Os rótulos paranaenses que garantiram a distinção máxima dos jurados franceses foram o Censurato Cabernet Sauvignon e o Rodolpho Cabernet Franc. A conquista chancela internacionalmente o potencial de guarda, o rigor técnico e a qualidade sensorial dos vinhos finos produzidos em solo nacional.
A premiação simboliza uma transformação relevante na geografia da produção de vinhos finos no país. Historicamente, a Serra Gaúcha detém o protagonismo e a principal referência em viticultura e volume de premiações internacionais no Brasil.
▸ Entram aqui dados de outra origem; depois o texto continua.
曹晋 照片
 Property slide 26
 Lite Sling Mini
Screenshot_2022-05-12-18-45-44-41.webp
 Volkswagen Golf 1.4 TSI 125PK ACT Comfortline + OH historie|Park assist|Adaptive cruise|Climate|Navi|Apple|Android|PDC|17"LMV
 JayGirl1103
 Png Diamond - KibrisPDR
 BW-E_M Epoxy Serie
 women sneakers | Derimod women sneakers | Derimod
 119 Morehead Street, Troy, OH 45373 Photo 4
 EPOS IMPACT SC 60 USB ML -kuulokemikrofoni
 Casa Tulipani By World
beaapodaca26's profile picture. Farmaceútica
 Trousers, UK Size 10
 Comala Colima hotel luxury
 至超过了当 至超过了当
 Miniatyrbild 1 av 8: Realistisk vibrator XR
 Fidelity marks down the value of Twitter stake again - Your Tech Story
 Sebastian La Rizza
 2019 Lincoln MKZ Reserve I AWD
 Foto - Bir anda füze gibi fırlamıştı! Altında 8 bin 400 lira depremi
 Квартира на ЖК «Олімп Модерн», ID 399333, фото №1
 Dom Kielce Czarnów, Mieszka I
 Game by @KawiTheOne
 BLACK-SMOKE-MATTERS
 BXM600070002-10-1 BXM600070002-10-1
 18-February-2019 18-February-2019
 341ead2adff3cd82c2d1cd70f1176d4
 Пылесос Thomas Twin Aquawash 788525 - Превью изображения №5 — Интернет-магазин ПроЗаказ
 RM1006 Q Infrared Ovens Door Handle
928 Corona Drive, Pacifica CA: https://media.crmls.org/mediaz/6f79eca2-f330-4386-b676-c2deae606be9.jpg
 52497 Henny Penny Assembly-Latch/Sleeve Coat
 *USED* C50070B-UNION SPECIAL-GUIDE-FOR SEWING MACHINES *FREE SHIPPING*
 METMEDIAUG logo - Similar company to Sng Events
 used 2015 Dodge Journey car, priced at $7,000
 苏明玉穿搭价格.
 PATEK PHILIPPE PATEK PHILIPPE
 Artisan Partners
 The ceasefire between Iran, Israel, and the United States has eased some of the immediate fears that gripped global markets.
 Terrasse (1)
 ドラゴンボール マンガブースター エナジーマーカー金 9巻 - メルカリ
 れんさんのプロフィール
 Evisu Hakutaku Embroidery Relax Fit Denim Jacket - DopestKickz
No entanto, o duplo ouro da vinícola da Região Metropolitana de Curitiba joga luz sobre a diversidade, o frescor e a inovação que vêm emergindo em novas fronteiras microclimáticas, consolidando o Paraná como um polo produtor emergente de alta gama. A vinícola paranaense atua no aprimoramento dessas técnicas desde 2005.
O reconhecimento em Cannes destaca o trabalho focado no segmento de vinhos finos de alta gama (premium):
Censurato Cabernet Sauvignon: O rótulo passa por um processo de maturação de 18 meses em barris de carvalho, técnica que confere ao vinho grande complexidade aromática, evidenciando notas marcantes de frutas negras e especiarias doces, além de estrutura firme em boca.
Rodolpho Cabernet Franc: Destacou-se pela tipicidade da casta e pelo equilíbrio em clima de altitude, apresentando-se como um exemplar elegante e representativo das novas identidades que o Brasil vem desenhando para as variedades tintas.
O resultado estabelece um novo padrão de qualidade para a região paranaense, injetando fôlego e servindo de estímulo para que pequenos e médios produtores de outras regiões fora do eixo tradicional sigam investindo em tecnologia de vinificação e no manejo de vinhedos próprios.